4.1. Stereotypes about Prisoner's Dilemma players’ cooperation rates
Raters’ beliefs about players indicate that they expected players to cooperate 54% of the time in the first round (Table 2). There were no significant differences in the belief about players between treatments (χ2(3) = 3.99, p = 0.262). Male and female raters’ beliefs about players did not differ significantly (χ2(1) = 0.10, p = 0.746). Male players were believed to be less cooperative (44.2%) than females (63.9%). Since we find no significant difference in beliefs over treatments, we combine treatments and find that gender-specific beliefs about male and female players were heterogeneous (Figure 3), significantly correlated (Pearson 0.503, p < 0.001), and significantly different (Wilcoxon matched-pairs signed-rank test, Z = 16.1, p < 0.001).
Note. Where beliefs are reported, values are mean percent of time (standard deviation in parentheses) that raters guess that each gender chooses ‘Split’ in Round 1 of the repeated Prisoner's Dilemma. Where players actual cooperativeness is reported, values are mean percent of time (standard deviation in parentheses) players choose ‘Split’.
To evaluate beliefs, we use the regression Belief error = α 0 + α 1Rater gender + α 2Belief Gender + α 3Rater Gender × Belief Gender, where belief error is the difference between a gender-specific belief and the gender-specific Round 1 observed behaviour, each rater is the panel, and the two beliefs are the trials. These gender beliefs significantly underestimated actual male player cooperation (61.4%) and female player cooperation (86.0%) in the first round (males: χ2(1) = 153.16, p < 0.001; females: χ2(1) = 392.56, p < 0.001). Male raters believed males to be slightly more cooperative (46.3%) than female raters (42.2%), a significant difference (χ2(1) = 5.46, p < 0.019). Similarly, female raters believed females to be more cooperative (66.5%) than male raters (61.8%), a significant difference (χ2(1) = 7.44, p < 0.006).
4.2. First-impression guesses about Prisoner's Dilemma players’ Round 1 game behaviour
Upon exposure to stimulus describing and sometimes showing Prisoner's Dilemma players deciding how to play in Round 1 of a repeated Prisoner's Dilemma, raters made rapid first impressions and predictions of each of 94 players, averaging across treatments 1.2 (None), 1.4 (Label), 3.1 (Photo) and 8.3 (Video) seconds per player. Consistent with their beliefs, raters underestimated Round 1 cooperation in all treatments, predicting 58.7% cooperation, when it was 74.5% (Table 3, panel A, all χ2(1) > 159.29, all p < 0.001).
Note: Values for guessed Split, correctness, and actual Split are percentages. Standard deviations are in parentheses. Difference reports the results of the Wald test that the treatment dummy coefficients in generalised linear model regression are equal: chi-squared with 3 degrees of freedom reported; *** p < 0.001, ** p < 0.01, * p < 0.05. These test results are robust using Kruskal–Wallis.

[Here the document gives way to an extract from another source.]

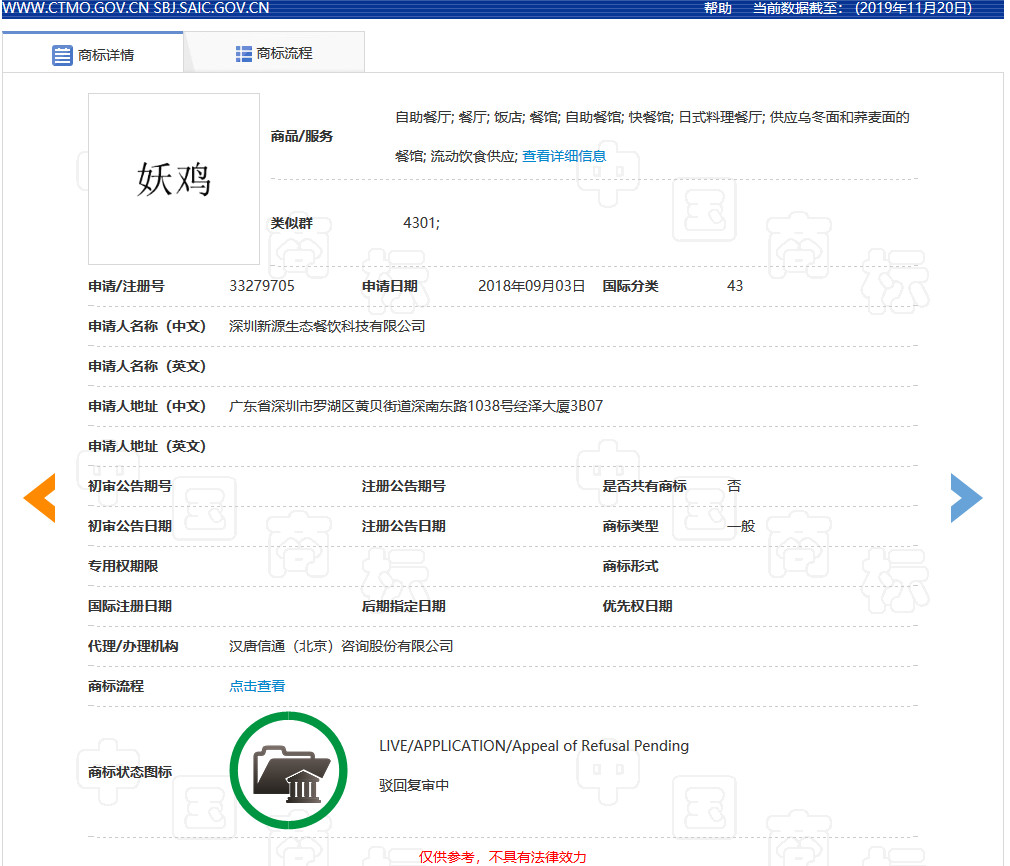 “妖”多有“邪惡且迷惑人”之意，故駁回“妖雞”商標(biāo)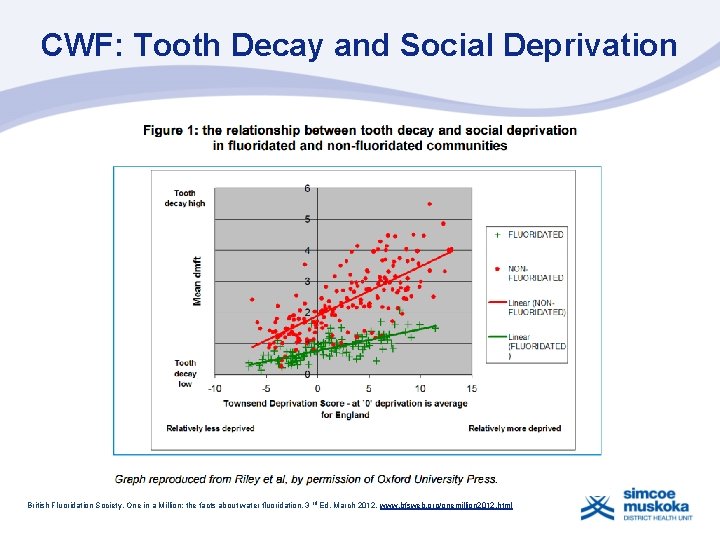 CWF: Tooth Decay and Social Deprivation British Fluoridation Society, One in a Million: the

Below, we evaluate our research questions concerning the predicted effect of beliefs, labels, photos, and videos on Round 1 game behaviour guesses.
Where gender cannot be detected, are Round 1 guesses influenced by beliefs about cooperation propensity in the player population (P1)? Yes
In the None treatment, where the raters did not know the players’ gender, players are expected to cooperate 55.9% of the time according to raters’ beliefs. Raters guessed that 63.6% would cooperate in Round 1. The effect of belief on guesses is significant in the None treatment (χ2(1) = 189.75, p < 0.001) (Table 4, regression 1).
Z-Value in parentheses. *** p < 0.001, ** p < 0.01. We report the results of logit regression, where the rater is the panel and players are the trials. Regression (1) includes first-round data from all treatments. Regressions (2) and (3) include first-round data only from treatments where players’ gender is revealed: Label, Photo and Video. The variable Belief about players in regression (1) refers to the average of the rater's male and female gender-specific beliefs. Gender-specific beliefs in regression (2) refers to the applicable belief about male or female player given the player's self-described gender. ‘Sufficiently correct stereotype’ in regression (3) is a dummy variable that equals one if the rater's gender stereotype is ≥50% and players of that gender tended to be cooperative, or if the rater's gender stereotype is <50% and players of that gender tended to be non-cooperative.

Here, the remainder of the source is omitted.